Productivity growth will help India sustain over 8 percent growth until 2020 enabling the world's largest democracy to not only surpass UK but become the second largest economy in the world, ahead of even the US, by 2050, the bank said.
"Our baseline projections for India's potential output growth show that the economy can sustain growth rates of about 8 percent till 2020, significantly higher than the 5.7 percent that we projected in our original BRICs paper," the bank said, adding, "The implication is that India's contribution to world growth will be even greater (and faster) than implied in our previous BRICs research."
The announcement came while the bank was scaling up estimates of the country's prospects in its October 2003 research paper widely known as the BRICs report.
The original report had projected that India's GDP will outstrip Japan's by 2032 and that in 30 years, it will be the world's third largest economy after China and the US.
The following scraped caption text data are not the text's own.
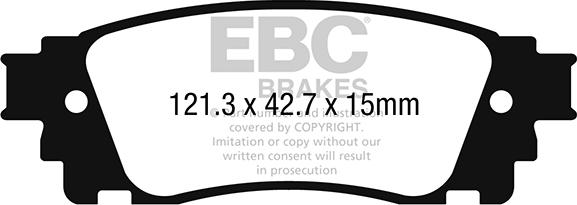 EBC Brakes DP22262 - Bremžu uzliku kompl., Disku bremzes www.autospares.lv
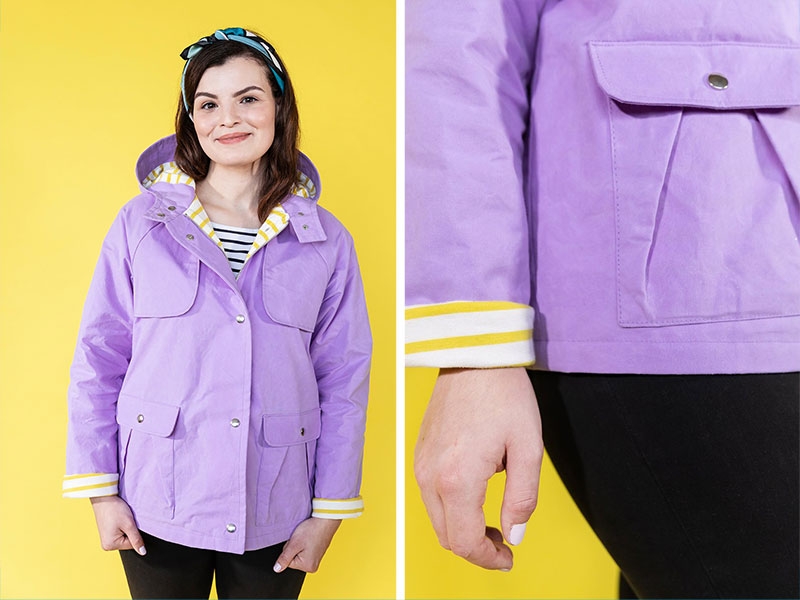 sew your own raincoat • fashion • frankie magazine • australian fashion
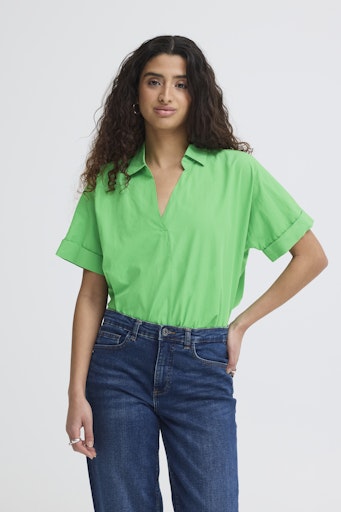Blouses korte mouw groen ICHI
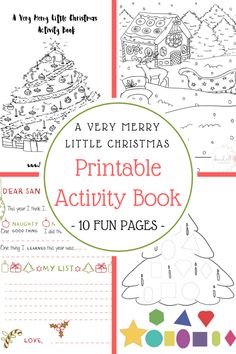 a very merry little christmas printable activity book for kids to color and practice numbers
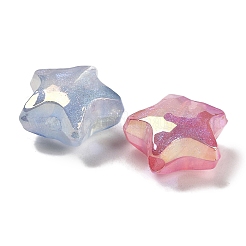 Star UV Plating Luminous Rainbow Iridescent Acrylic Beads&nbsp;LACR-R001-11A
However, according to the new report, India's economy will only be exceeded by that of China.
Indian reforms have increased competition and efficiencies and accelerated international trade, challenging the global economic order so that it will overtake Italy, France, Britain and eventually the United States, the report said.
"India's current growth rate of around 8 percent can be increased to 10 percent if the efficiency level in terms of productivity to capital employed is increased and the saving rate increases marginally to sustain the investment," the Goldman Sachs economic research report on global economics said.
India will need to boost its investment rate by 16 percent of gross domestic product to sustain a 10 percent growth rate, the report said. India appears at minimum headed toward a sustained growth rate of about 8.4 percent through 2020 and an average 6.9 percent through 2050.
"There has been a structural increase in India's potential growth rate since 2003 on the back of high productivity growth," the report said.
While many economists regard Goldman's Brics research mainly as a successful marketing tool for the investment bank, many in India see it as confirmation of the country's destiny as an economic superpower.
"We no longer discuss the future of India. We say, 'The future is India,'" Union Commerce Minister Kamal Nath said in a recent speech.
However, Jairam Ramesh, Union Minister of State for Commerce, was more cautious. "If a country of 1 billion people can't become the third–largest economy, we need our heads examined. What counts is per capita income. Let's not go overboard about the 21st century being India's century," he said.
The vote of increased confidence from the world's largest investment bank, whose previous chairman Henry Paulson is now treasury secretary in the Bush administration, comes when India is easing into its new seat in the global political arena as a nuclear power and consolidating its economic might as the world's services backbone.
The report said a turnaround in manufacturing productivity was central to lifting up the productivity growth. The private sector was the principal driver of this turnaround, as it improved efficiency in the face of increased competition due to the cumulative effects of a decade of reforms.
"The underlying reasons are: increased openness to trade, investment in information and communication technology, and greater financial deepening. These factors still have some distance to run," it said.
The higher growth rate under the new projections will have large implications for demand in the country, Tushar Poddar and Eva Yi, authors of the paper said.
From 2007 to 2020, India's per capita GDP in dollars will quadruple (a third higher than the original BRICs projections). Indians would also consume about 5 times more cars and 3 times more crude oil as compared to 3.5 times more motor cars and 2.3 times more oil estimated by Dominic Wilson and Roopa Purushothaman in the October 2003 report.
But, there are risks involved, the paper warned, adding that it stemmed from political issues (including a rise in protectionism), supply–side constraints (including business climate, education and labor market reforms), and environmental degradation.
"To embark upon its growth story, India will have to educate its children and its young people (especially its women) and it must do so in a hurry. Lack of education can be a critical constraint to the growth of the knowledge–based IT sector, as well as in the move to mass employment in manufacturing. The demographic dividend may not materialize if India fails to educate its people," the Goldman Sachs paper cautioned.
It said a decade of reforms in India has brought increased competition and efficiency; but poor infrastructure is already struggling to keep up with growth and may hold the country back.
There is not enough electricity to meet demand; ports are overflowing; and many roads are in poor condition, the report said, adding that a shortage of skilled workers may undermine the future expansion of India's IT industry.